The movie wasn’t the worst I’d ever seen and still had some entertaining moments but it had a heck of a lot wrong with it.  A half-arsed plot, a fundamental misunderstanding of the Ghost Rider character and his powers, ropey villains, uninspiring fights and nowhere near enough high-speed motorbike chases were all negative points, but the biggest bugbear that stood head and shoulders above all the rest was Nic Cage as Johnny Blaze.  Actually, I’m not sure if I should blame the scriptwriters, director or Cage for the fact that Blaze was played as a mentally-impaired Hillbilly dosed up on extra-drowsy Night Nurse (‘D’you like eye-tallian food?’), but given Nic is the public face I’ll direct my snark in his general direction I reckon. That good ol’ boy routine might have served him well in Con Air but it didn’t do any good here.  Actually, know I say that I’m not even sure Cage’s Dukes of Hazard impression even did him any good in that movie either.  Whenever anyone talks of that movie fondly it’s normally because of John Malkovich’s scenery chewing turn or Steve Buscemi’s mild-mannered serial killer character, nothing to do with Cage’s ‘The South will rise again’ act.

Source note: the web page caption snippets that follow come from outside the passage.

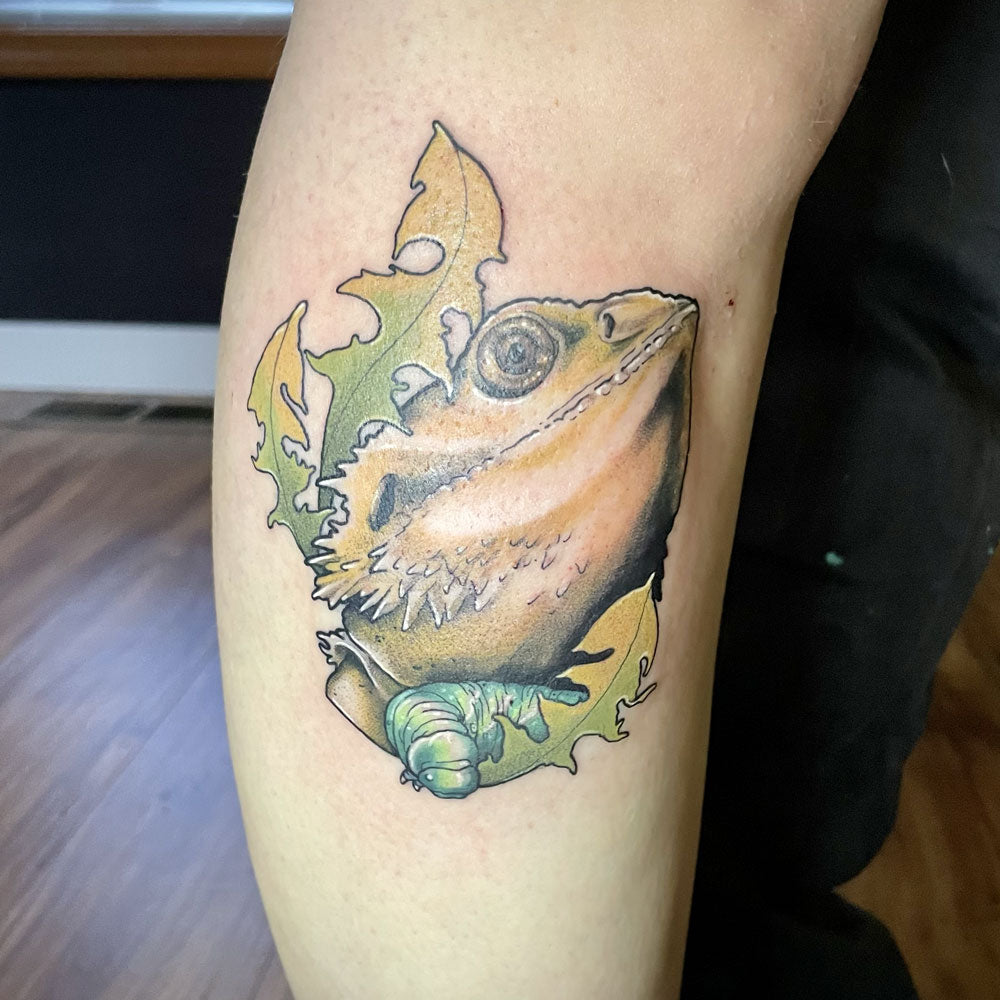 bearded dragon color tattoo by Cass Brown
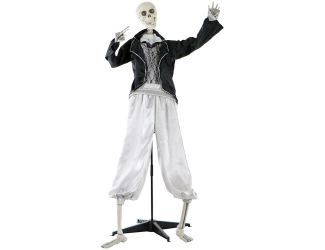 Life-Size Skeleton Groom Prop with Lights and Sound, Indoor/Covered Outdoor Halloween Decoration
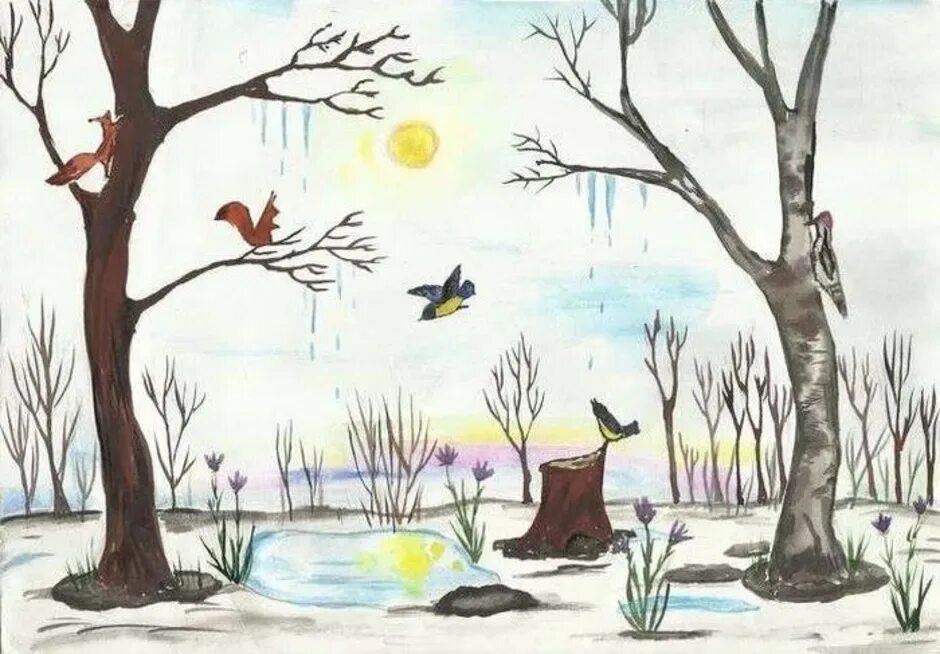Нарисуй картинку про весну. Весенние рисунки для детей. Рисунок на весеннюю тематику. Весенний пейзаж для детей.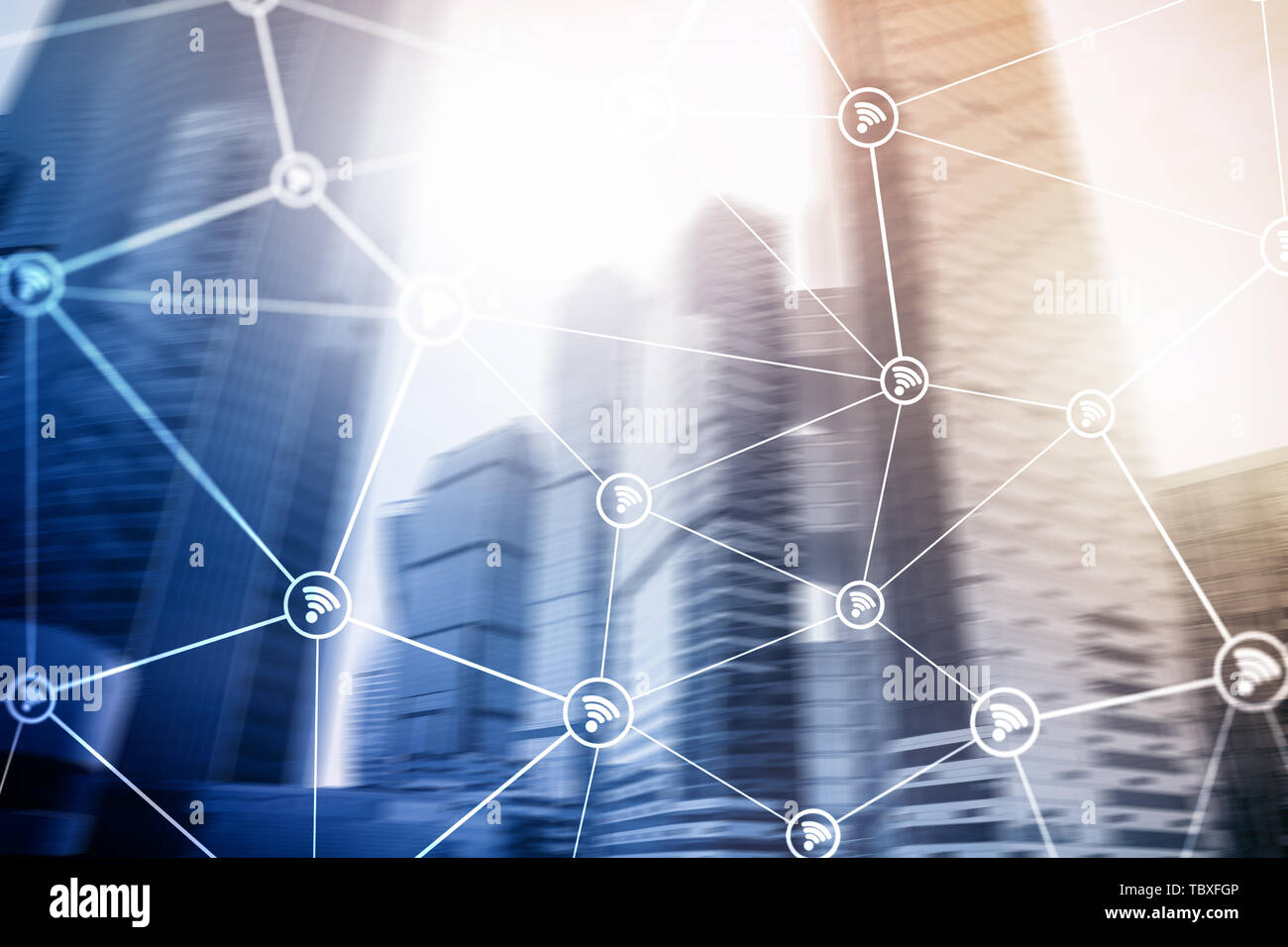 Rete Wifi sul business sfocata sullo sfondo al centro. Foto Stock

It might be going to far to say Nicolas Cage as Johnny Blaze is the worst casting a superhero movie ever-  given we’ve had David Hasslehoff as Nick Fury and Shaquille O’Neal as Steel in the past – but he probably makes the top five.  I understand Cage (due to being a comic geek himself) has always wanted to play a superhero role and so probably jumped at the part without much thought, and the studio was probably just chuffed to have a big name on the project, but it was simply a bad call that meant an already iffy film ended up being another terrible blow to the Ghost Rider franchise. A more damaging one than Garth Ennis managed too, I’d say, what with it being much more widely seen and more publicly known. I understand a sequel was made, and I understand said sequel features the talents of fine actors such as Idris Elba and Anthony Head which may elevate it above it’s predecessor, but I haven’t watched it yet… after all, Nic Cage is bloody well in it as well, and I don’t fancy sitting through another ninety minutes of a Conway Twitty-style Johnny Blaze.

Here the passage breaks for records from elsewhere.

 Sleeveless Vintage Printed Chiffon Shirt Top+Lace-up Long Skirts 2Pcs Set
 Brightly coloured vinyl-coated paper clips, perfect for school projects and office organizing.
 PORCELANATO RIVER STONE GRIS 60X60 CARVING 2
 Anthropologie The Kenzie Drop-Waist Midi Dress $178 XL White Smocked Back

Normally I’m pretty laid back about this kind of geek-sacrilege.  In a previous post I went on about how people should chill out and not get so wound up about tweaks made to their sacred cows when they’re made into films or similar, but sadly I can’t practice what I preach when it comes to Ghost Rider.  Maybe I’m just being a bit unfair – after all, Ennis has plenty of fans in the comics world and they can’t all be fourteen year old boys, can they? And maybe I was expecting too much of the movie given how much I’d enjoyed films like Spiderman, Hellboy and X-Men 2. And it was still better than Daredevil or Elektra. But still, I don’t think I’ll be paying a great deal of attention to Ghost Rider projects for the foreseeable future.  I’m just not sure I can take much more flame-head themed disappointment.

Of course, if Marvel Studios somehow managed to get the rights to the character back and decided to reboot the character… well, then I might be interested.  I can’t see it ever happening if I’m honest, but I’d more than likely watch a Ghost Rider movie that came from the studio that gave us the Iron Man, Thor, Captain America and Avengers movies, if they deemed tackling a character with such a chequered past wasn’t too much of a risk.

As long as they didn’t cast Nicolas Cage,  of course.